--- Data Enclosed Below ---
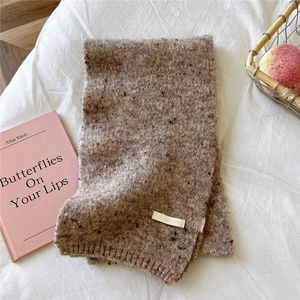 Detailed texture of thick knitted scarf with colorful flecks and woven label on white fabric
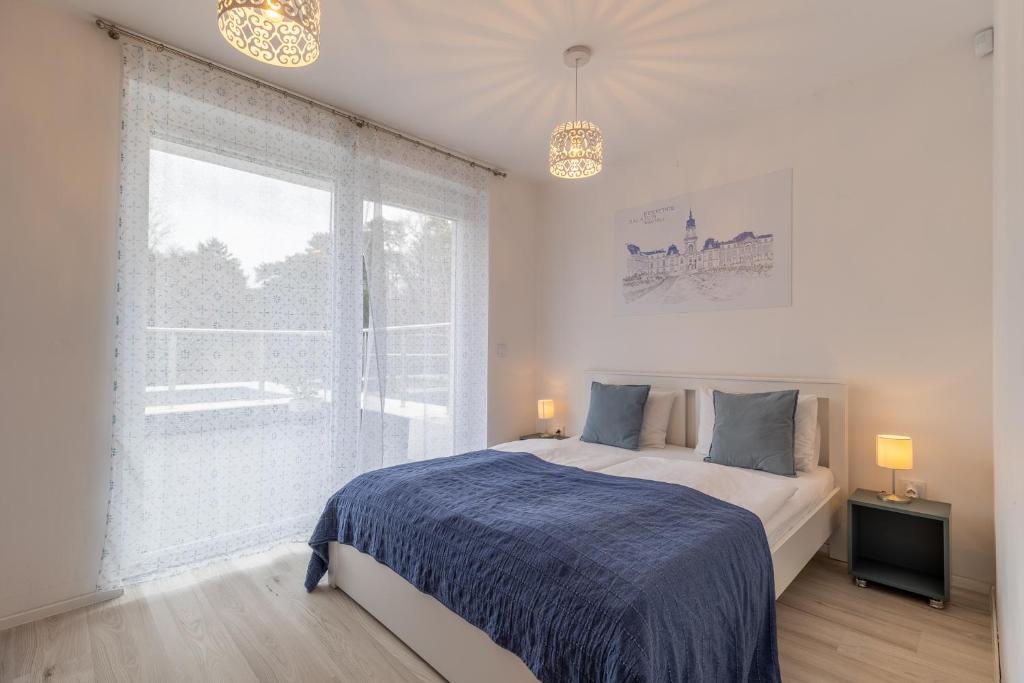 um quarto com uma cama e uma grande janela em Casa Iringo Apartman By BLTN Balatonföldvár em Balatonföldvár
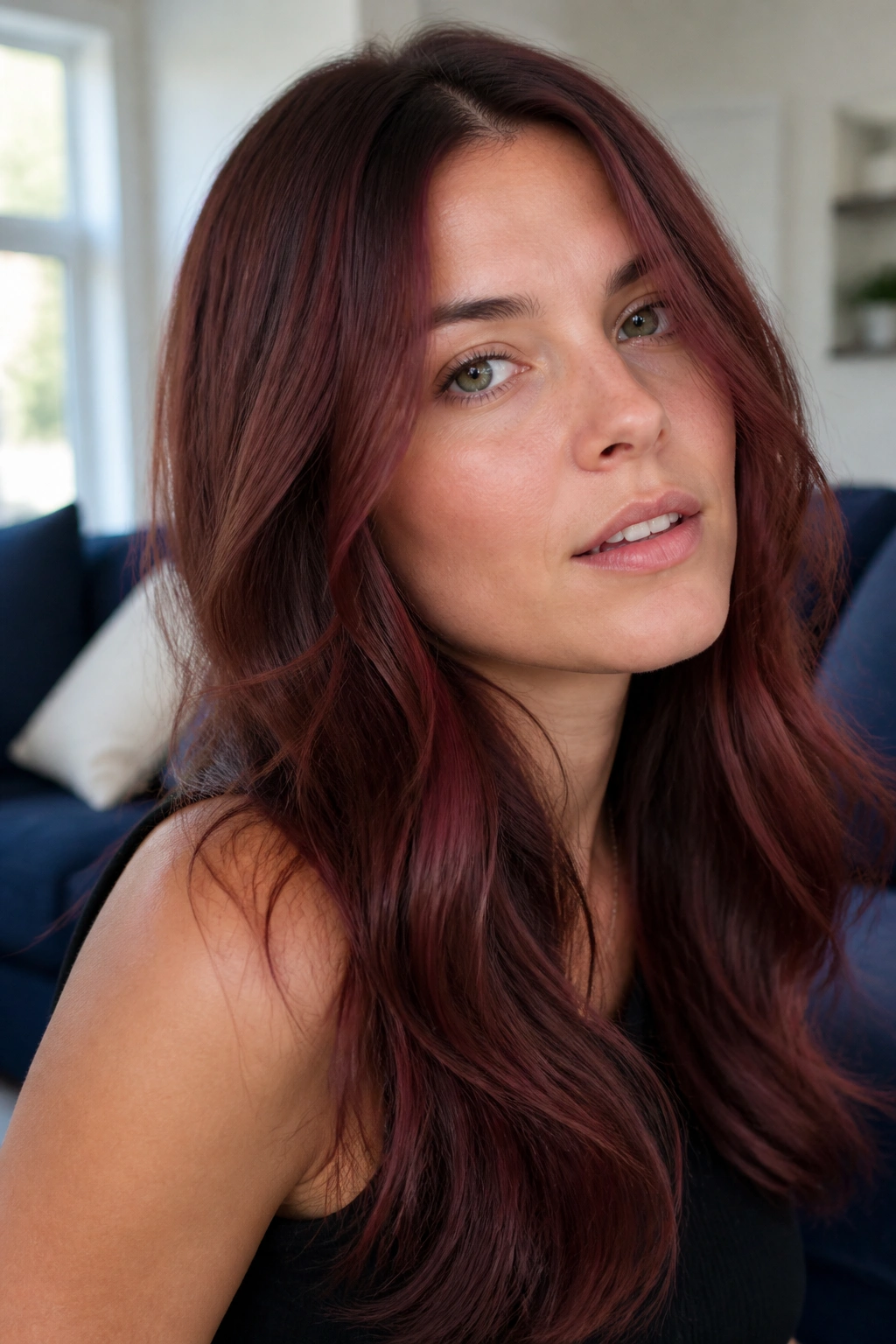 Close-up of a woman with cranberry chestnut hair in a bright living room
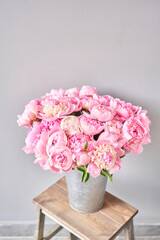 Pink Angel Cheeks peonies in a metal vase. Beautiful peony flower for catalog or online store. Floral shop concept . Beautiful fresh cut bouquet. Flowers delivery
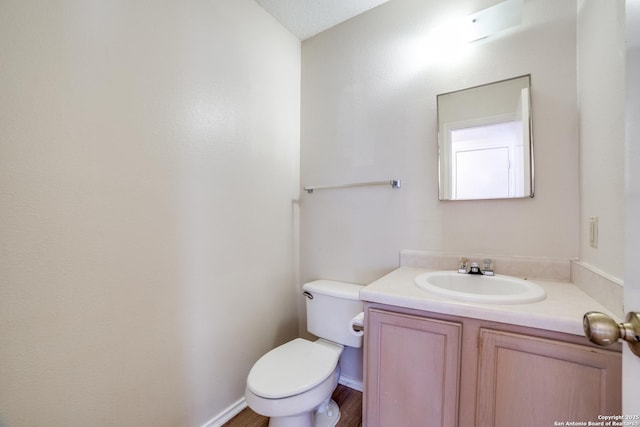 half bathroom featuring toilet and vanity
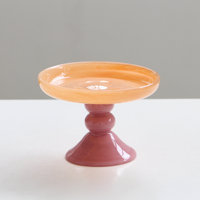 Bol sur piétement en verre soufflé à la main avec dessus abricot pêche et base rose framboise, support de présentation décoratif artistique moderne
--- End of Enclosed Data ---
[Exercise description] When you reproduce the material, keep every word exact and leave each picture out.

[Exercise answer]
 Detailed texture of thick knitted scarf with colorful flecks and woven label on white fabric
 um quarto com uma cama e uma grande janela em Casa Iringo Apartman By BLTN Balatonföldvár em Balatonföldvár
 Close-up of a woman with cranberry chestnut hair in a bright living room
 Pink Angel Cheeks peonies in a metal vase. Beautiful peony flower for catalog or online store. Floral shop concept . Beautiful fresh cut bouquet. Flowers delivery
 half bathroom featuring toilet and vanity
 Bol sur piétement en verre soufflé à la main avec dessus abricot pêche et base rose framboise, support de présentation décoratif artistique moderne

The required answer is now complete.